Message to the World

When you think of math, what do you see? 

I bet you saw all kinds of equations and stuff, right? Ok, that makes sense, because that's what we see in textbooks, that's what the teachers write on the board, that's what we write on the test, and that's, well, what we see of math most of our lives. I mean, what else could you see?

Well, it turns out from research in mathematics education that being able to solve mathematical problems by following some sequence of rules -- an algorithm or solution procedure for writing and manipulating symbols -- is perhaps important for passing a test that assesses that kind of knowledge, but that the rules are soon forgotten and no sense of the content remains.

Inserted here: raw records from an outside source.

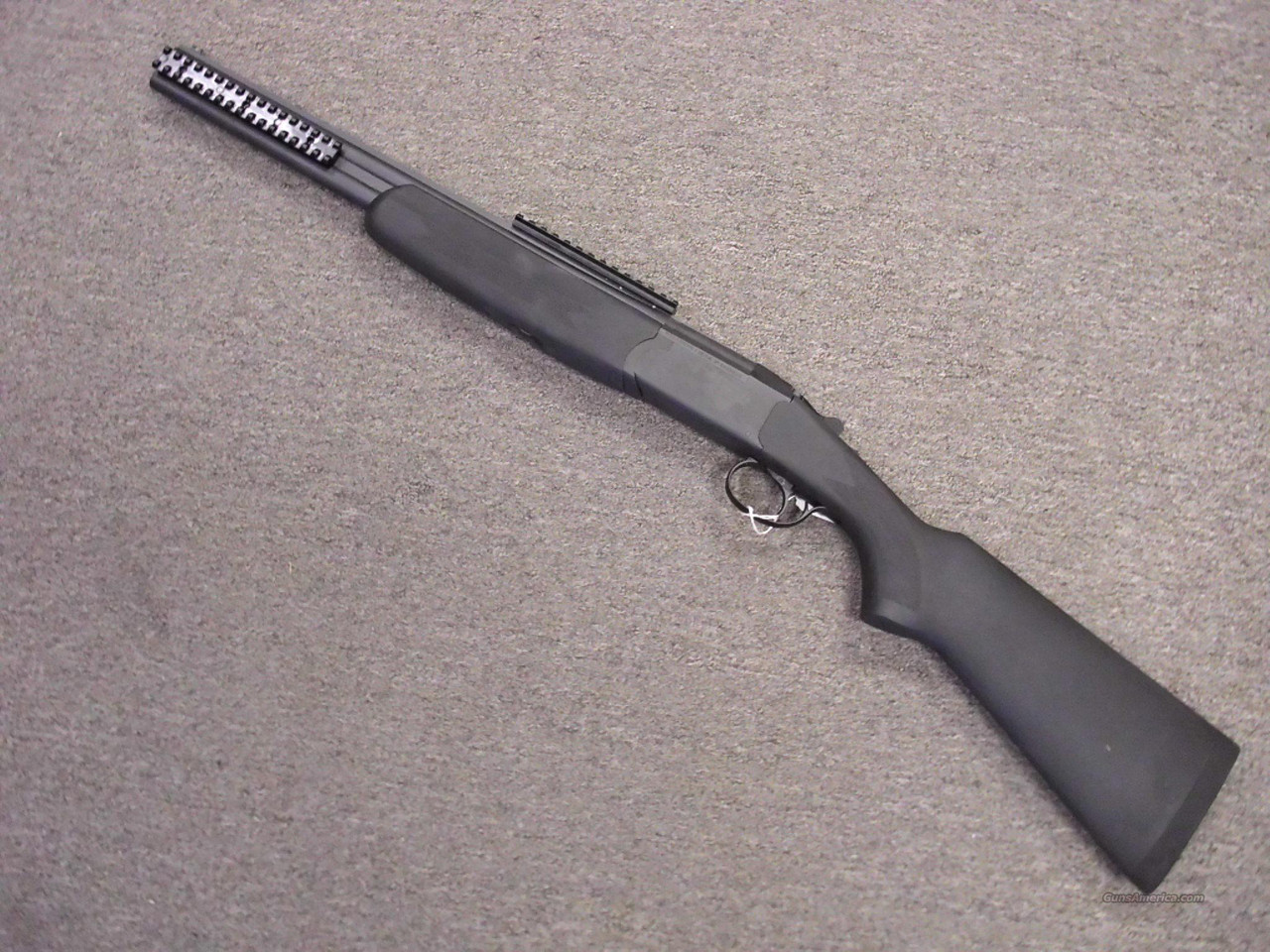 20 Gauge Stoeger Double Defender 20" Over/ Under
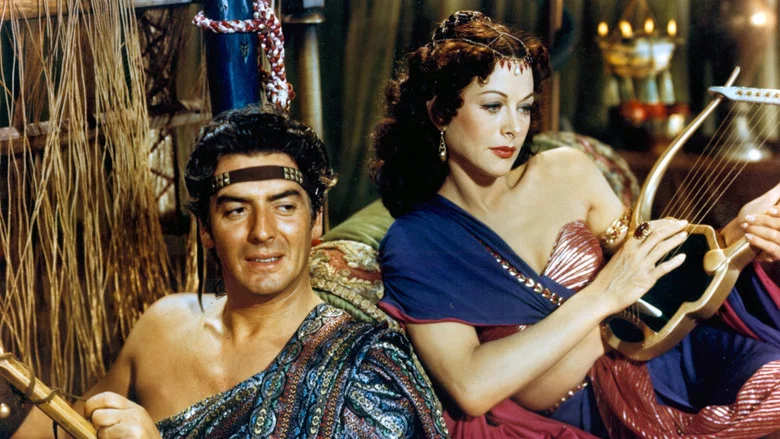 Samson and Delilah screenshot 3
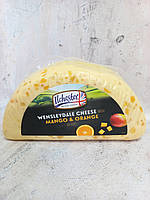 Сыр Ilchester Wensleydale Cheese With Mango & Orange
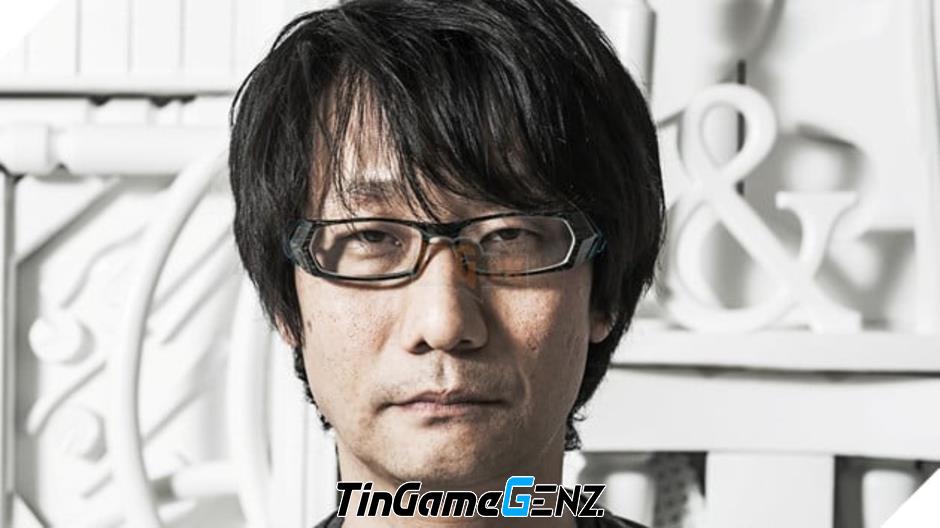 Khám Phá Ước Mơ Của Hideo Kojima: Tạo Ra Trò Chơi Điện Tử Diễn Ra Trong Không Gian!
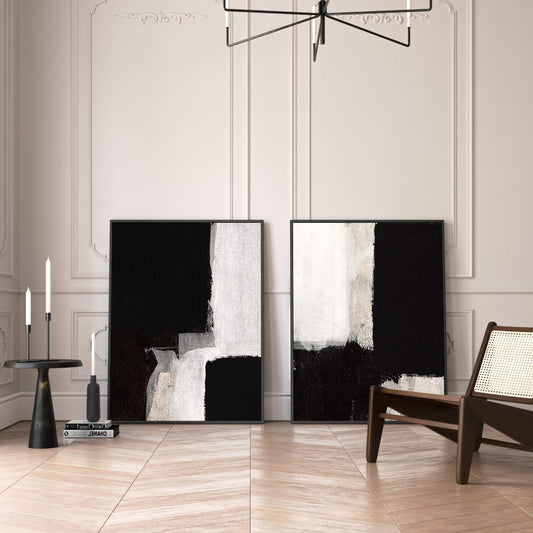 Beaune Canvas Duo - AureousHome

Kids study, yes, but they don't learn.

Actually, it turns out, thinking mathematically -- I mean really thinking, not just plug-and-chugging numbers -- is more about bringing to mind all kinds of ideas and manipulating these ideas creatively.

Hmm... the idea of an "idea" is a bit vague, isn't it? I'll get back to that in a moment. So bear with me. 

But what this all means is that what many mathematics teachers are teaching and many tests are testing are actually just the tip of the iceberg in terms of what kids need in order to think mathematically; in order to really understand.

So, sure, I share with all educators the desire that children will learn and become fluent in mathematics. I mean, I'm a dad to kids in the educational system, and I want them to do well. Yet I'm concerned whether kids are actually making any sense of what they are learning rather than just following rote procedures, in the good case. 

In fact, my life work is to create and evaluate new types of activities for kids to develop deep understandings of mathematical concepts. So I'm certainly not some kind of mad scientist up in the ivory tower inventing some weird ideas that are detached from the terrestrial need for core fluency with symbols. I've tutored thousands of hours, and I've been thinking about mathematics education for 20 years now.

Still, my worry is that basic sense-making is the most important yet most neglected aspect of mathematics education, to a great deal because of the accountability pressures that teachers experience. Because we teach for tests, we throw out the sense-making baby with the... wait, that metaphor didn't work, so let me try another one. Oh yes, the assessment tail is waging the sense-making dog. Hmm... not quite. Well, you know what I mean -- kids don't get math. 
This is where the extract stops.